[Start of section]

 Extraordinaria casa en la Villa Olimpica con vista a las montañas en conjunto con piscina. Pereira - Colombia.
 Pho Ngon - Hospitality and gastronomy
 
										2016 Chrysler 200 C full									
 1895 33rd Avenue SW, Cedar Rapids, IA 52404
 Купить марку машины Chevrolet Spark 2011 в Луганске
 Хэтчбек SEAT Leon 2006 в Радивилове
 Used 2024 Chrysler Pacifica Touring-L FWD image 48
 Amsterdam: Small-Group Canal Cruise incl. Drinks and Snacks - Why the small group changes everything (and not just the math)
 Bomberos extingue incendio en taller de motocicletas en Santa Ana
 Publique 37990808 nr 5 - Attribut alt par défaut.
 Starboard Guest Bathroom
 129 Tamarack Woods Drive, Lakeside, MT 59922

[End of section]

### EXERCISE:
Could you return the complete set of entries exactly?

### OUTPUT BELOW:
 Extraordinaria casa en la Villa Olimpica con vista a las montañas en conjunto con piscina. Pereira - Colombia.
 Pho Ngon - Hospitality and gastronomy
 
										2016 Chrysler 200 C full									
 1895 33rd Avenue SW, Cedar Rapids, IA 52404
 Купить марку машины Chevrolet Spark 2011 в Луганске
 Хэтчбек SEAT Leon 2006 в Радивилове
 Used 2024 Chrysler Pacifica Touring-L FWD image 48
 Amsterdam: Small-Group Canal Cruise incl. Drinks and Snacks - Why the small group changes everything (and not just the math)
 Bomberos extingue incendio en taller de motocicletas en Santa Ana
 Publique 37990808 nr 5 - Attribut alt par défaut.
 Starboard Guest Bathroom
 129 Tamarack Woods Drive, Lakeside, MT 59922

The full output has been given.